Je nach betroffenem Band kommt in dieser Situation auch eine Teilversteifung des Gelenkes in Frage, um die korrekte Position der einzelnen Knochen zu sichern und eine Fehlbelastung zu verhindern. Grundsätzlich gilt, dass Bandnähte und Rekonstruktionen nur Sinn machen, wenn noch keine wesentlichen Knorpelschäden bestehen. In solchen Fällen ist die bereits entstandene Arthrose therapieführend.
Nachsorge
Nach jeder Bandnaht oder Rekonstruktion muss das Handgelenk sechs bis acht Wochen in einer Schiene ruhiggestellt werden damit die Bänder abheilen können. In dieser Zeit sollen die Finger frei ohne Belastung bewegt werden. Solange die Knochen noch mit Drähten temporär gesichert sind, kann noch keine volle Beweglichkeit erreicht und kein Belastungsaufbau durchgeführt werden.
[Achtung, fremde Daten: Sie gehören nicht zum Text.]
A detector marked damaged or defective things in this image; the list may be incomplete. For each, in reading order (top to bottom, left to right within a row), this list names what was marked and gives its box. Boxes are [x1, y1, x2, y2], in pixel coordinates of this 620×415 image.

Drähte werden nach acht bis zehn Wochen entfernt. Hierzu braucht es eine zweite Operation, die aber meistens in lokaler Betäubung und ambulant durchgeführt werden kann. Anschliessend wird mit der Handgelenkmobilisation und Kraftaufbau begonnen. Dies geschieht unter Anleitung durch die Handtherapie und gelegentlich mithilfe von unterstützenden Schienen.
Auch bei konsequenter Nachbehandlung mit Handtherapie kommt es häufig zu einer leichten Einschränkung der Handgelenkbeweglichkeit.